March 19, 2013, GPU Technology Conference, San Jose, CA— Shailendra Mathur from
Avid described a new toolset that allows editors to smoothly transition their monoscopic storytelling skills to the stereoscopic format. The tools enable users to take advantage of existing assets and workflows.
One goal was to preserve editing and data management functions, operational speed, and image quality from existing tool flows. The trends of increasing resolution, higher frame rates, and higher bit depths of the video, create problems for many directors. In addition, the new workflows require an increasing number of views, while both monoscopic and stereoscopic images are required as the deliverable.

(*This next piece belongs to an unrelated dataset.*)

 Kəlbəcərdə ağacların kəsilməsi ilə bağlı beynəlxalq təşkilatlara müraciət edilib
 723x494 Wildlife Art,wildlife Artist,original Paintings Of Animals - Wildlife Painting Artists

The increased elements within the scene require a data model that can manage multiple views and resolutions while supporting common editing and data management functions and workflows. The advent of plenoptic or light field cameras further increases demands for the editing suite.

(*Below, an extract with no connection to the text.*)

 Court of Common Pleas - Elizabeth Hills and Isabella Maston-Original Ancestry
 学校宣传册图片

Light field cameras do not require a parametric model to manage all the different possible light paths from the scene. This multiview requires sampling across time, space, and color to capture the final image. In the same way, a multiple camera shoot also requires color, spatial, and temporal synchronization to capture the multiple images within a scene. As a result, they created a new editing system that can simultaneously handle the myriad channels, resolutions, and streams from various inputs.

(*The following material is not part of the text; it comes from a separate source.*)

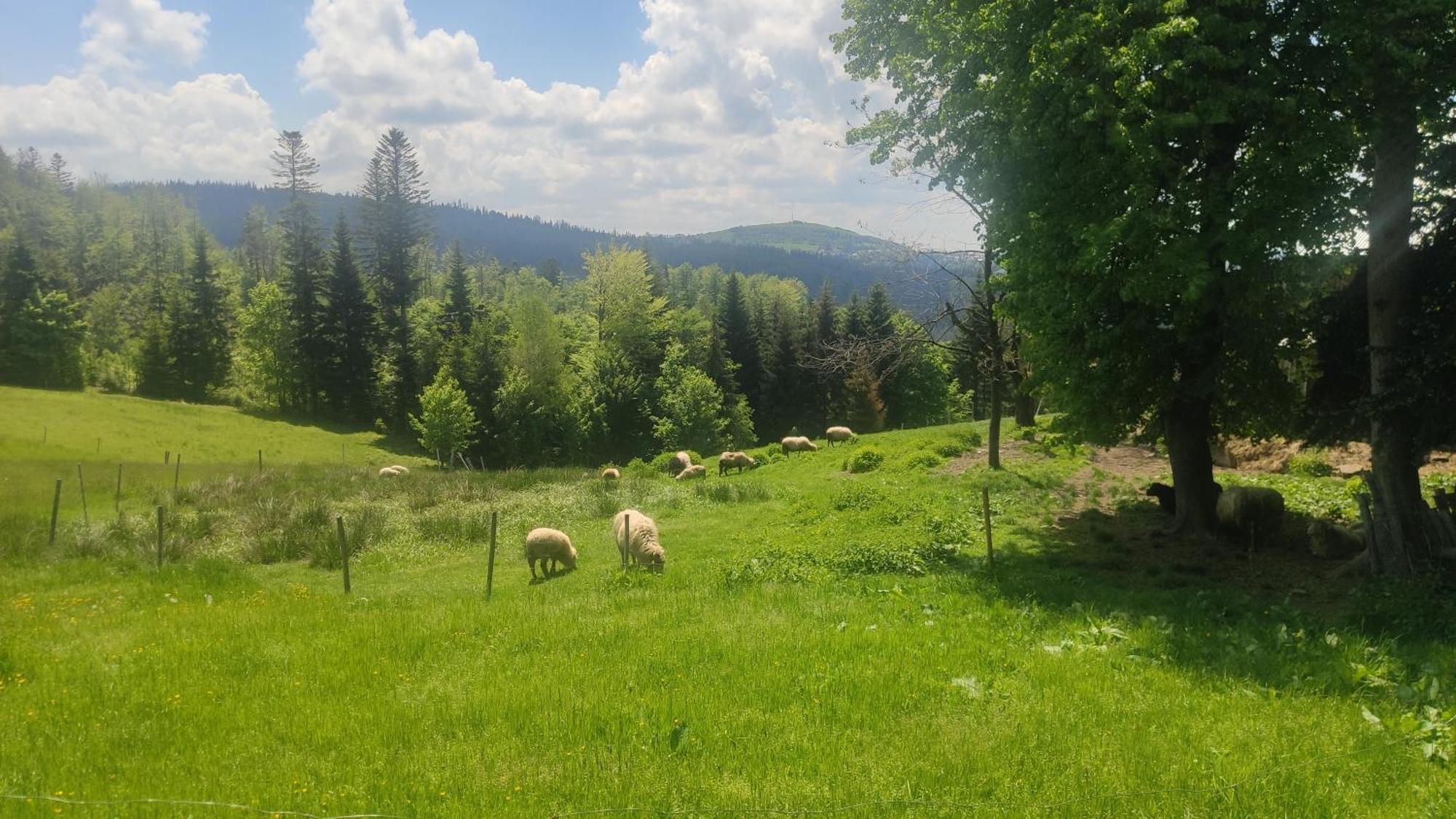 Chata Pietraszyna Koniaków Dış mekan fotoğraf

To achieve these capabilities, a proxy editing and multi-mastering flow starts by transcoding the images to side-by-side 3-D for further processing. The output can be full frame 3-D and also mono with synchronized audio. The data model groups multiple views, synchronizes those views, arranges resolutions within those views, and resamples the scene based on output context.
These multiple views require much more processing for codecs, visual effects, and graphics. As a result, the tools were optimized for a heterogeneous compute environment comprised of multicore CPUs and GPUs. Unfortunately, heterogeneous compute usually requires multiple pieces of code for each compute domain, and dynamically balancing across compute domains. By splitting shell optimize processes and compute optimize processes and providing a single API contract, the domain-abstracted player eliminates many of these contentious problems.